The craft carried rations to last for ten months; tools; nails and screws; two sextants; four chronometers; an assortment of barometers, thermometers, and compasses; ample supplies of clothing; and several guns and large quantities of ammunition.

Powell and his party planned to travel first down the Green River to where it meets the Colorado, then proceed down that great river to the Grand Canyon. When several months of preparation for this next adventure were completed, he and his companions took to the water–with Powell in the Emma Dean–at Green River Station, Wyoming Territory, on May 24, 1869. No one knew how long it would be before they reached their destination in Arizona; the river’s curves and twists made it impossible to estimate the length of the journey they were undertaking.

On June 9, at a canyon they named Lodore, Powell spotted rough water ahead and, intending to look for a way to set up lines and portage around the rapids, pulled his boat ashore. He signaled for the others to do the same, but the crew of the No Name failed to understand the signal and continued on ahead. Powell leaped onto a rock and gestured frantically for the men to pull the boat to shore. But it was too late. The little boat was already caught in the current. The Howland brothers and Goodman pulled furiously at the oars and the rear sweep that guided the boat, but to no avail.

The boat hung briefly at the head of the rapids before being swept in. Making it through the first falls, it roared on, then struck a boulder and heaved up at one end, tossing three men into the raging current. When the boat jammed against a rock, the men grabbed the gunwale and managed to climb back on board. But the current again caught the boat and tossed it down to the next series of rapids. Only the watertight compartment kept the small craft afloat. Roaring down the next set of falls, No Name slammed broadside into the rocks and broke in two.

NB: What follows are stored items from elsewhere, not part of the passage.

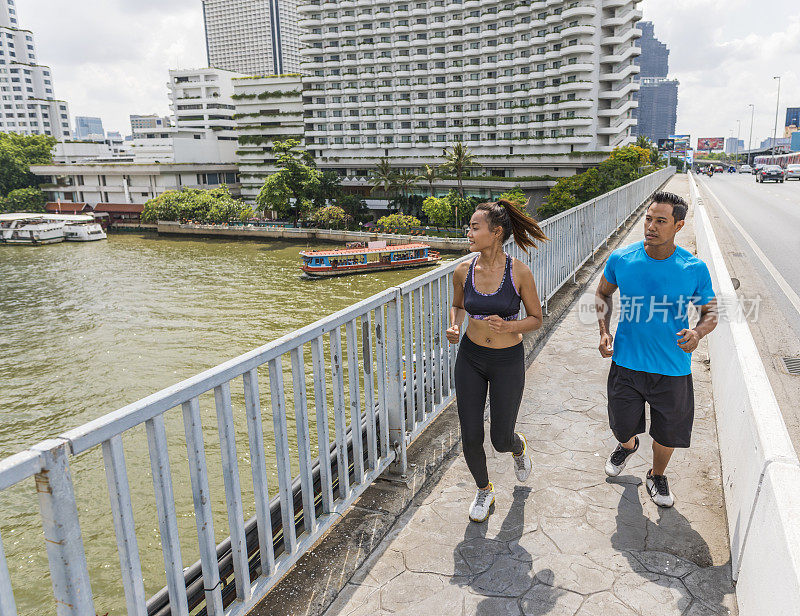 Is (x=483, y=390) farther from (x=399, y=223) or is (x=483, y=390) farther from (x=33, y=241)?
(x=33, y=241)

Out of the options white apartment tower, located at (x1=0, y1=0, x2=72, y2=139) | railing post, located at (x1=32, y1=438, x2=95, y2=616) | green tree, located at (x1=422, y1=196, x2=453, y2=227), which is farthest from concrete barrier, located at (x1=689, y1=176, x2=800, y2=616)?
white apartment tower, located at (x1=0, y1=0, x2=72, y2=139)

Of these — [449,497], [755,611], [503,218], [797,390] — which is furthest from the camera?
[797,390]

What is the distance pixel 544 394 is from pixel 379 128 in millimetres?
80076

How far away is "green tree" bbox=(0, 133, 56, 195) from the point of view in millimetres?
98938

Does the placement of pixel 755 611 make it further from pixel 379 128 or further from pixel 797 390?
pixel 379 128

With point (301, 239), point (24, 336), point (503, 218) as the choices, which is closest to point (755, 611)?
point (503, 218)

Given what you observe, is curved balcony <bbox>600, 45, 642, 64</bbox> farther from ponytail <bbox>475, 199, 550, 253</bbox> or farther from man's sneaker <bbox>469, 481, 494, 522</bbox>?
man's sneaker <bbox>469, 481, 494, 522</bbox>

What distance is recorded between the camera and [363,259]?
51.2 metres

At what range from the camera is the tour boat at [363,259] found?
4984 cm

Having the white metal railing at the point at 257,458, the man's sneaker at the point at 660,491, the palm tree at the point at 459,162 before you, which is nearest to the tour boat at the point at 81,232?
the palm tree at the point at 459,162

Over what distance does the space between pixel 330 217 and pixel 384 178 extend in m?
9.77

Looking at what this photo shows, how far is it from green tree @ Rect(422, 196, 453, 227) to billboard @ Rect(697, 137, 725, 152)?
5979 inches

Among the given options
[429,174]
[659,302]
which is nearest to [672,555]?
[659,302]

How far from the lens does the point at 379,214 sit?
77.7 meters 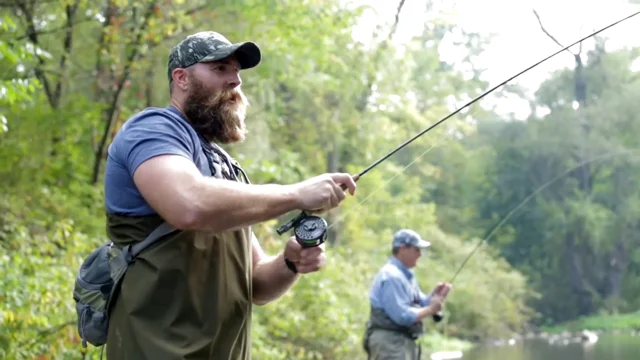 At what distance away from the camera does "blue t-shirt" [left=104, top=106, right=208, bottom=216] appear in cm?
215

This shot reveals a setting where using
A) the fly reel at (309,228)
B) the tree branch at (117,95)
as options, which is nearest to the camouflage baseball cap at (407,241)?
the fly reel at (309,228)

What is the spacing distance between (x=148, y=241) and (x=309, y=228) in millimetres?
418

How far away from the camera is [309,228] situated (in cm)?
243

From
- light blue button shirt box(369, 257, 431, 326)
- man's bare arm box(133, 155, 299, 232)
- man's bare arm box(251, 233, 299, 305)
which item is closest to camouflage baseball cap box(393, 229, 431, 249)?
light blue button shirt box(369, 257, 431, 326)

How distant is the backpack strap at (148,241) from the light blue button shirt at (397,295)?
13.9 ft

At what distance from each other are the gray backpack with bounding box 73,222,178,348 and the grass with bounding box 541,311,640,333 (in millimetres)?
23841

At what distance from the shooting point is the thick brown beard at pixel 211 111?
2363mm

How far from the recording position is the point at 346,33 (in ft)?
44.6

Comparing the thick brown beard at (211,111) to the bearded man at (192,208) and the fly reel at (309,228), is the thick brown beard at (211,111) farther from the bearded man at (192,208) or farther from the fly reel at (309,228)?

Meanwhile, Powell and the others, watching in horror as their three comrades disappeared into the foam, scrambled down around the bend. To their relief, they saw O. G. Howland, who had made it to a sandy bar, extending a pole to Goodman, who clung to a rock near the shore. Finally able to grab on, Goodman was hauled from the water. Farther downstream, Seneca Howland, although battered by his experience, had also managed to pull himself to safety.

Lost, along with the boat, were the men’s clothes, guns, and belongings, as well as a large store of provisions and, most distressing of all, the barometers, which foolishly had all been stored together. Without these instruments, it would be impossible to determine the altitude of the mountains through which the party would pass.

Determined to recover the lost barometers, Powell set off the next day to search for the wreck, which he found only fifty or sixty feet from their camp. Sumner and Dunn volunteered to retrieve the instruments and whatever was left of the provisions. The watertight compartment had been smashed, but the men were able to bring back the barometers, a package of thermometers, and a three-gallon keg of whiskey that had been taken aboard without Powell’s knowledge. That night the bruised and tired explorers made good use of the keg.

It took days to portage past these rapids. The craggy shore offered no good place to camp, nor protection from the river’s constant spray. In addition to being tired and wet, the men had to endure clothing full of sand carried by the spray and food that had begun to spoil.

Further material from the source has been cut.